O
vento que entrava pela janela do ônibus bagunçava seus cabelos castanhos, que
caíam sobre seus olhos e, por alguns segundos, a impediam de ver. Eu fingia que
observava a paisagem que beirava a estrada, mas não tirava meus olhos daquele
rostinho perfeito.
Olhos
claros, pele branca como a neve e sorriso verdadeiro. Caraca, da onde veio essa
mina? - seria a pergunta que eu faria ao Magal, caso ele estivesse ali. Eram
poucos minutos de viagem e eu teria que bolar um plano rapidamente. O objetivo
do dia já não era chegar ao meu itinerário, isso já não era tão importante. A
meta era conversar com a minha companheira de banco.
Busquei
nas profundezas da mente algum assunto que não desse na cara que eu havia me
interessado por ela. Porém, não encontrei nenhuma solução neste meu complicado
cérebro. O motorista dirigia devagar e com prudência. Contudo, eu esperava uma
barbeiragem de vossa excelência, para que eu pudesse olhar para o lado e
comentar: Que cara ruim de volante, né?
Ou
talvez uma freada brusca me desse a oportunidade de perguntar se ela havia se
machucado. Mas, não sei, estava tudo tão calmo naquele ônibus, que só um
milagre para eu conseguir saber pelo menos o seu nome.
O
bonde não estava lotado. Havia aproximadamente 20 pessoas sentadas. Um casal
conversava no banco ao lado e falavam tão alto que até o motorista escutava. No
banco de trás, uma garota, aparentando ter 15 anos, escutava música no seu
celular, enquanto a senhora que se encontrava ao seu lado, fazia tricô. O
cobrador não largava o celular e passou a viagem toda conversando com alguém.
Mas,
eu era o mais sortudo daquela condução. Ao meu lado estava a garota mais linda
de todas. Ela vestia uma blusinha cinza, segurava uma bolsa marrom, um caderno
e dois livros. Imaginei que estivesse indo para a faculdade. Tentei olhar do
que se tratavam os livros, mas a bolsa estava em cima da capa. De repente, um
celular começou a tocar. Era o dela. Abriu a bolsa e atendeu:
-
Oi, mãe! Já estou chegando em
Mogi. Vou fazer um trabalho na biblioteca e depois irei para
a aula.
Perfeito!
Ela era estudante e estava indo para a faculdade.
Estávamos
sentados no meio do ônibus.

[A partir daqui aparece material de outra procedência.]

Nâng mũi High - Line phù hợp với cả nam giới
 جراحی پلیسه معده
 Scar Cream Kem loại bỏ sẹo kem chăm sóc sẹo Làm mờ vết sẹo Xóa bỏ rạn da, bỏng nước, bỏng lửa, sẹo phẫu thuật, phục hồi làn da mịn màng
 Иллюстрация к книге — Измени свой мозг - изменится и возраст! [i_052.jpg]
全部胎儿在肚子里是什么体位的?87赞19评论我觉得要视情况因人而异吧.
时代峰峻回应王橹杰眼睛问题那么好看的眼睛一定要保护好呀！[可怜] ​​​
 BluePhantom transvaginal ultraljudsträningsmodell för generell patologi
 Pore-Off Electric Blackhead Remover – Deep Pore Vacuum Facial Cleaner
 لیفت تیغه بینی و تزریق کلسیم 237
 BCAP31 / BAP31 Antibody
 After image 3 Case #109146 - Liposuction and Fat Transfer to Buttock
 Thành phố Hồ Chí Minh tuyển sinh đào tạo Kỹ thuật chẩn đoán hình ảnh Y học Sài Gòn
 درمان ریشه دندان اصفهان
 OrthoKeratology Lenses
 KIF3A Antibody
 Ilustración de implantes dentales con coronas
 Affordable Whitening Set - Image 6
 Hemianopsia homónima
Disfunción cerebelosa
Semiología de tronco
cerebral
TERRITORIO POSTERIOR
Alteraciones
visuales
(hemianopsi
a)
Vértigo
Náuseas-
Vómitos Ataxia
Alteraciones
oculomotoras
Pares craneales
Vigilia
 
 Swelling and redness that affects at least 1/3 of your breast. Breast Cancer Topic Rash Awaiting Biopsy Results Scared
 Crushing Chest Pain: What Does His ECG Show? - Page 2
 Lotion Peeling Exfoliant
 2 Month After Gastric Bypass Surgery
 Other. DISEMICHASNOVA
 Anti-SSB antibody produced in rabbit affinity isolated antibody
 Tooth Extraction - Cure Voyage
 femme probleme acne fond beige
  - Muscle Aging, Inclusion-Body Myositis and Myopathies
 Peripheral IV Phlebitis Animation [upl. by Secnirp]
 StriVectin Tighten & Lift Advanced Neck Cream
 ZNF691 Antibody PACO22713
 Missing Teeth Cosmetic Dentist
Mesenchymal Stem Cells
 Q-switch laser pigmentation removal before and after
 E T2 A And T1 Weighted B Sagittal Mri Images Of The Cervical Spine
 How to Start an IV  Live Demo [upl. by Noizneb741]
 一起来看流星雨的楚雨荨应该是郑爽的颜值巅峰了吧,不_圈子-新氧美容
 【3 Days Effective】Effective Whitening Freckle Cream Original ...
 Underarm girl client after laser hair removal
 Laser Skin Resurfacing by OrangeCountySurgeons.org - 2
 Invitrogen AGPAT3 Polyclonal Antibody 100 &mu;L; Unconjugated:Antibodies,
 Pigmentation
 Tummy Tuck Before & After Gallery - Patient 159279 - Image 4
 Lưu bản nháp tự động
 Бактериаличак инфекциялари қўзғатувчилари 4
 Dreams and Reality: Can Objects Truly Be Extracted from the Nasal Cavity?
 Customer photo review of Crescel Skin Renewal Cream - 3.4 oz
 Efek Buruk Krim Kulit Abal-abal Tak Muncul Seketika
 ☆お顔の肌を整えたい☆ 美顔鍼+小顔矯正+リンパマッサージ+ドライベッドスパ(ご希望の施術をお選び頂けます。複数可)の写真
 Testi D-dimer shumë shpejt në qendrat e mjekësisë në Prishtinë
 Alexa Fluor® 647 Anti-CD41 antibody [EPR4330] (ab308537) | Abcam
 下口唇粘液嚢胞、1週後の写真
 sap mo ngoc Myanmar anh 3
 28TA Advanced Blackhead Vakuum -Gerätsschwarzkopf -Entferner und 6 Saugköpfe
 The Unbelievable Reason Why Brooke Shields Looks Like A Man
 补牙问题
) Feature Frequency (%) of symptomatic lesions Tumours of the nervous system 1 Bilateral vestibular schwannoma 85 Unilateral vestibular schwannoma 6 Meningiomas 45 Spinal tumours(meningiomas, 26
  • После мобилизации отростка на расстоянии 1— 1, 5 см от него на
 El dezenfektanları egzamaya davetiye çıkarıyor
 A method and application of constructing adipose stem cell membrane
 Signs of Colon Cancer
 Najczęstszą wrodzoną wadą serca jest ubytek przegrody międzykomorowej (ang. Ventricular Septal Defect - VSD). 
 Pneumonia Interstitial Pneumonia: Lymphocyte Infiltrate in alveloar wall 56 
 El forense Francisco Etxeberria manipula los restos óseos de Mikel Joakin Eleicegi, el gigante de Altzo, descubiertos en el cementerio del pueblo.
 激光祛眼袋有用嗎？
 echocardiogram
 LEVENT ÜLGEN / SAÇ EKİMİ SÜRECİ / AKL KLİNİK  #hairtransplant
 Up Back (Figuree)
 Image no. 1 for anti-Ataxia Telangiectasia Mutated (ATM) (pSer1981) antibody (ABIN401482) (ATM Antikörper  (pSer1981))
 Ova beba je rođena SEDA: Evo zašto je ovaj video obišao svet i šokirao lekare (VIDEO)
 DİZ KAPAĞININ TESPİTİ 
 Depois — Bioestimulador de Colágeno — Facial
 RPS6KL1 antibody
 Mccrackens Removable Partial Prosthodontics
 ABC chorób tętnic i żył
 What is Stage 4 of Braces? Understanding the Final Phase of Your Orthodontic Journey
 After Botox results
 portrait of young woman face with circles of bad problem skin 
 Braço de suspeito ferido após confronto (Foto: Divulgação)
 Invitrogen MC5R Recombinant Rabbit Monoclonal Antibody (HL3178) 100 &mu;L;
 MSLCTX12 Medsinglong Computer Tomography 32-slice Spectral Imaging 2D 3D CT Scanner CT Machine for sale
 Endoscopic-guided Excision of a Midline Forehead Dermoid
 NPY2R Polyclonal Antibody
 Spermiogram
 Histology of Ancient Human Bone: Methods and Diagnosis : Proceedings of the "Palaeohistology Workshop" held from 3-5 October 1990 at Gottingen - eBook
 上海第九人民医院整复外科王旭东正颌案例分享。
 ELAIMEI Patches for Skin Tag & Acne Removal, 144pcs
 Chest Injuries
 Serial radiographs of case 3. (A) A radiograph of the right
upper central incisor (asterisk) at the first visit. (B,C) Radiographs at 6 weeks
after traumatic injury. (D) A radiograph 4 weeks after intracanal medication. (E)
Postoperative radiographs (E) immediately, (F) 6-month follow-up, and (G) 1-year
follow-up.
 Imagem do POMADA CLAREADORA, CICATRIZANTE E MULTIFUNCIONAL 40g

Então, resolvi ir até o cobrador e perguntar
qualquer coisa, deste modo, quando retornasse, estaria de frente para aqueles
olhinhos. Desamarrei o cadarço do meu tênis e o amarrei em seguida. Levantei-me
e fui até o cara da catraca. Falei qualquer coisa e voltei, com cara de ponto
de interrogação. Ao sentar no banco, olhei para o lado e perguntei:
-
Qual é o ponto mais perto do calçadão do Centro?
-
Não sei, eu vou até à UMC e não conheço os pontos do Centro - respondeu.
Pronto!
Não sabia o curso, mas havia descoberto qual era a faculdade que ela estudava.
Todavia, faltava o principal, o seu nome! Como eu iria perguntar?
Na
noite anterior eu havia raspado o cabelo na zero e estava com uma bermuda
gigante e uma camisa que cabia dois Marquinhos. Olhei para o teto e refleti: e
se ela gosta de um cara mais arrumadinho? Daqueles que tem aparência de bom
moço? Caramba, o "busão" havia chegado na cidade e eu estava ali, na
neurose, debatendo comigo mesmo umas ideias sobre uma garota que eu nunca havia
visto. Dei risada sozinho. Logo em seguida, coloquei o fone no ouvido, liguei o
radinho, procurei a música Mil Cairão, do Rashid, e me levantei do banco.
Antes
de puxar a cordinha, tirei o fone do ouvido direito e tentei tirar mais alguma
palavra daquela lindinha. Pelo menos escutaria sua voz pela última vez e
desceria mais contente. Fiz uma cara de aventureiro e disse à ela que iria descer
no próximo ponto mesmo, e ali perguntaria para o tiozinho da Banca de Jornal
onde fica o Calçadão.
Ela
me olhou, me deu um sorriso e disse que o centro de Mogi era pequeno e que
rapidamente eu me localizaria. Aquela voz foi recebida como a Nona Sinfonia de
Beethoven e, quando o motorista parou o carro, eu disse um tchau que há tempos
não dizia. Depois andei até a porta traseira e desci as escadas lentamente. Na
rua, coloquei novamente o fone e continuei o meu caminho, ouvindo um bom rap e
desfrutando da imagem daquela menina que ficou gravada na minha memória.